Work task »
The output should be the listing below, limited to the lines from the one with "How long will" through the one with "The next question", exact and without pictures.
*** Opening of Raw data ***
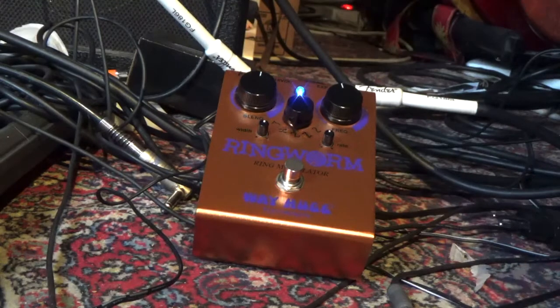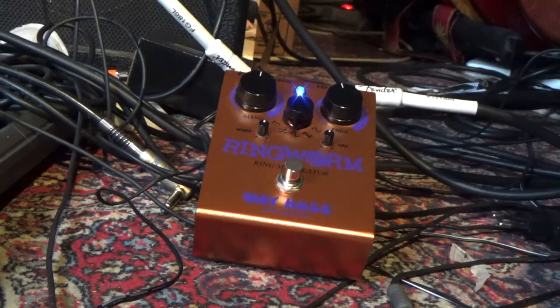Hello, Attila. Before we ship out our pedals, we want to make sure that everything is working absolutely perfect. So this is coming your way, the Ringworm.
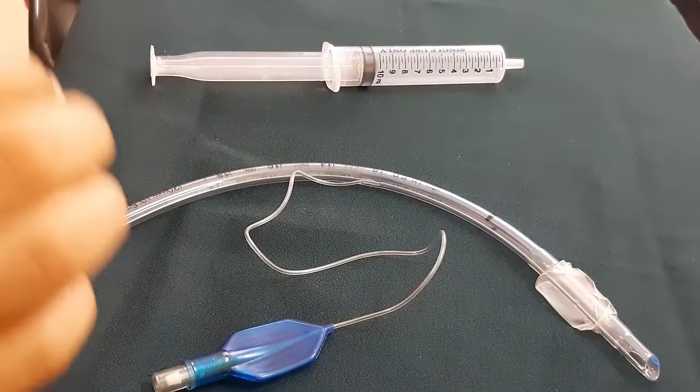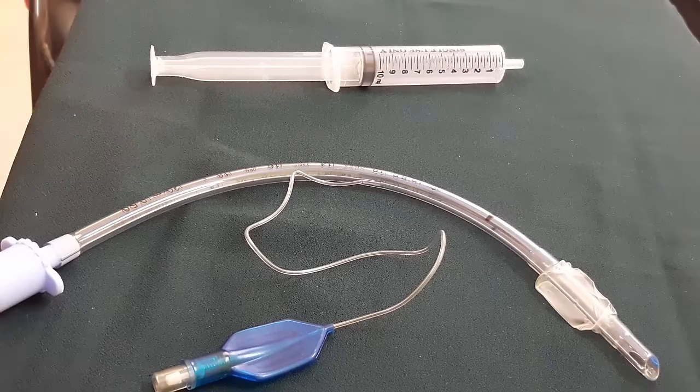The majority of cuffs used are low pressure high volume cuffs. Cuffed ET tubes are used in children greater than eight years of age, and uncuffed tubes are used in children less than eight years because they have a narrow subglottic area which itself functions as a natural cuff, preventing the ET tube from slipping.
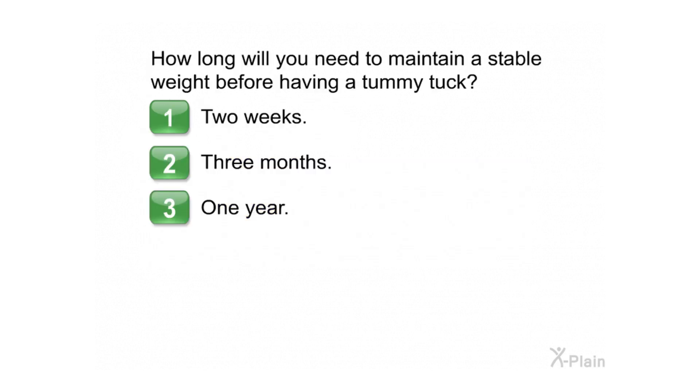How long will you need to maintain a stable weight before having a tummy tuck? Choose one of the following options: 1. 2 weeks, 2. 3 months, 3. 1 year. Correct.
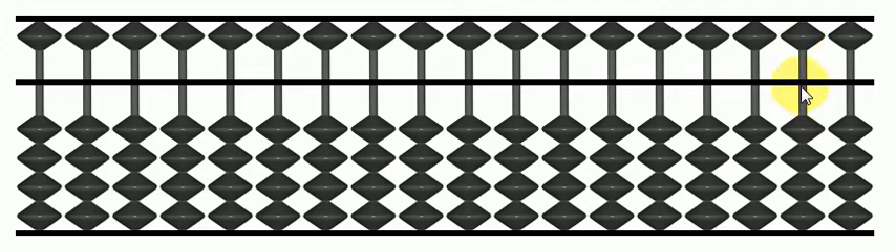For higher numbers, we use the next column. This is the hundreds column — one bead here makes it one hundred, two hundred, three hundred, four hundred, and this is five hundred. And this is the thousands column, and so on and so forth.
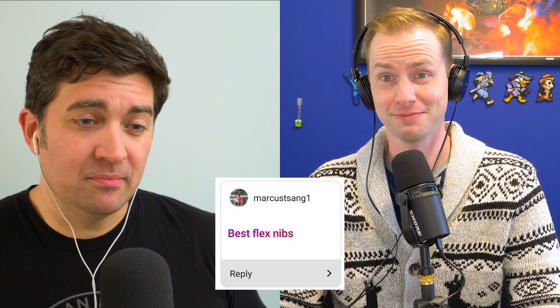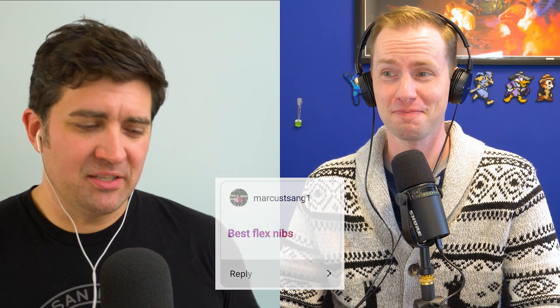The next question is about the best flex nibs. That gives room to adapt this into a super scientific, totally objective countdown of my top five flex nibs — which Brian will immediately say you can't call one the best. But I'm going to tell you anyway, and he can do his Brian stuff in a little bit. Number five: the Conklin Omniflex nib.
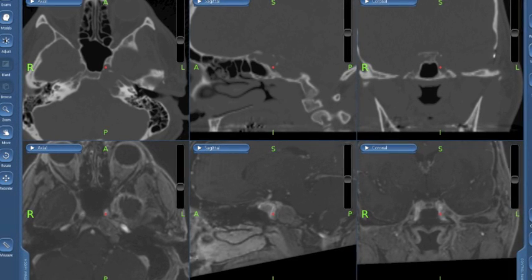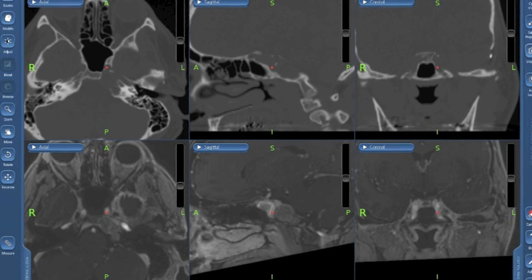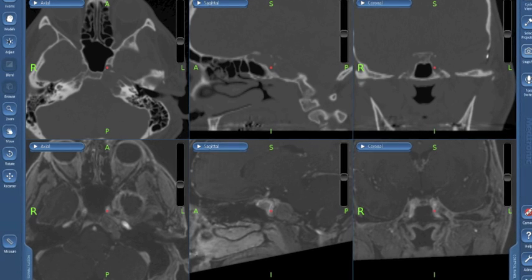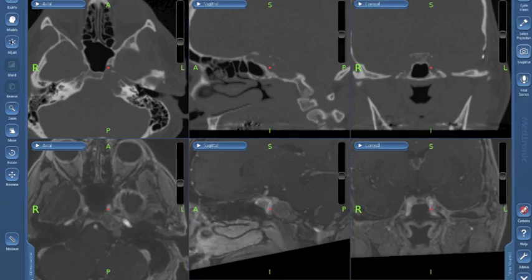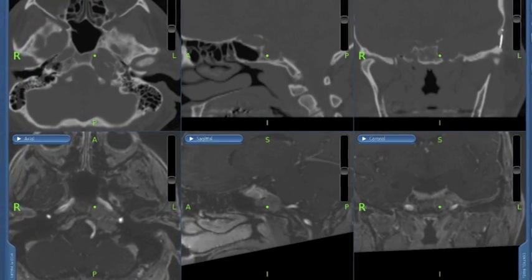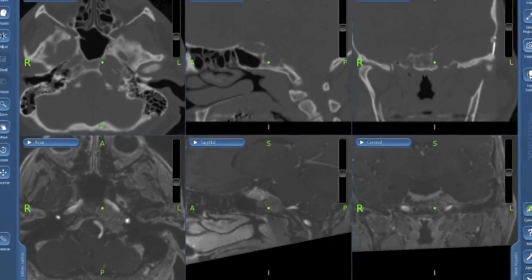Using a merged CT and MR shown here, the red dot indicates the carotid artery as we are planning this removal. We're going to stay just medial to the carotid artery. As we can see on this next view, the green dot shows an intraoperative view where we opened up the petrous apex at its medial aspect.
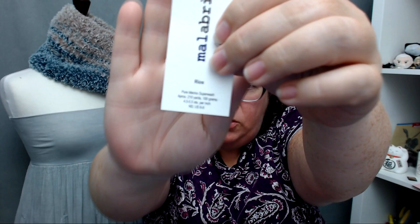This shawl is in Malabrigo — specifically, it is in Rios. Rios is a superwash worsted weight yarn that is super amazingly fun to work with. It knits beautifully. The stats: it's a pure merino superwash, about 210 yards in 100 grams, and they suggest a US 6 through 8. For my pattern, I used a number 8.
*** Close of Raw data ***
Exercise result »
How long will you need to maintain a stable weight before having a tummy tuck? Choose one of the following options: 1. 2 weeks, 2. 3 months, 3. 1 year. Correct.
For higher numbers, we use the next column. This is the hundreds column — one bead here makes it one hundred, two hundred, three hundred, four hundred, and this is five hundred. And this is the thousands column, and so on and so forth.
The next question is about the best flex nibs. That gives room to adapt this into a super scientific, totally objective countdown of my top five flex nibs — which Brian will immediately say you can't call one the best. But I'm going to tell you anyway, and he can do his Brian stuff in a little bit. Number five: the Conklin Omniflex nib.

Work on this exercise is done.